Embodiments herein generally relate to using tone reproduction curves to maintain optimal print engine performance.
As described in U.S. Patent Publication 2004/0165199 (incorporated herein by reference) an imaging device in the form of a printer or copier typically creates images using combinations of four colors of marking agents or colorants, such as cyan, magenta, yellow and black (CMYK). The images are created based on image data which assigns at least one of the four colors and a numerical color intensity or input color value to each picture element or pixel in the image.
A problem is that, due to manufacturing variations, different imaging devices can output different intensities of color based on identical image data. The density of the toner laid down on the print medium determines the color intensity. The denser or thicker the toner is laid down on a white print medium such as paper, the less white is visible through the toner on the paper. Consequently, the denser the toner, the less the lightness of the toner color, and the greater the intensity of the toner color.

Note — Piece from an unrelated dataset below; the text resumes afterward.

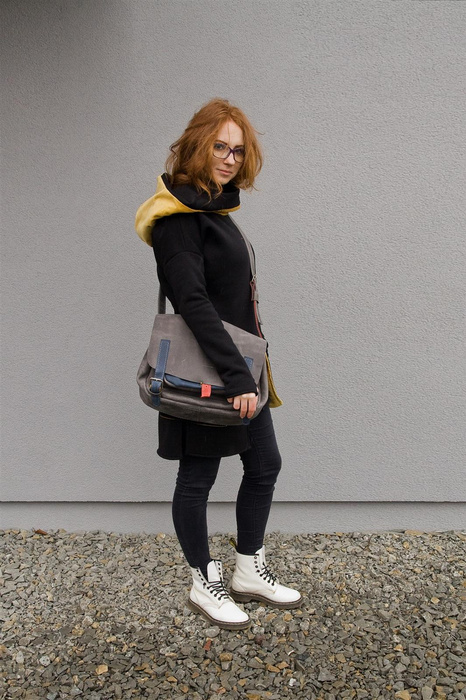 Bluza asymetryczna czarno żółta , długa tunika z kapturem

Because there is such variation in toner density laid down by different imaging devices based on identical image data, color intensities that are output by some imaging devices can be outside of an acceptable range. Thus, in order to ensure that each imaging device outputs color intensities that closely correspond to the color intensities specified by the image data, each imaging device should be individually calibrated to output appropriate color intensities.
One approach in calibrating an imaging device is to use a tone reproduction curve (TRC), which is a modeled mathematical relationship between the input color values and the colorant amounts that must be sent to the imaging device in order to produce the intensities specified by the input color values. The TRC is a continuous curve on a plot of input color values versus output colorant values that represents a best fit of the discrete data points matching each input color value with an output colorant value that, when rendered on the given device, produces the intensity specified by the input color value.
As described in U.S. Pat. No. 6,694,109 (incorporated herein by reference) in the case of printing devices such as a laser printer, the surface that is typically of most interest in determining the density of printing material thereon is the charge retentive surface or photoreceptor on which the electrostatic latent image is formed and subsequently developed by causing toner particles to adhere to areas thereof that are charged in a particular way. In such a case, an optical device, often referred to as a densitometer, for determining the density of toner on the test patch is disposed along the path of the photoreceptor directly downstream of the development unit. There is typically a process within the operating system of the printer to periodically create test patches of the desired density at predetermined locations on the photoreceptor by deliberately causing the exposure system thereof to change or discharge as necessary the surface at the location to a predetermined extent.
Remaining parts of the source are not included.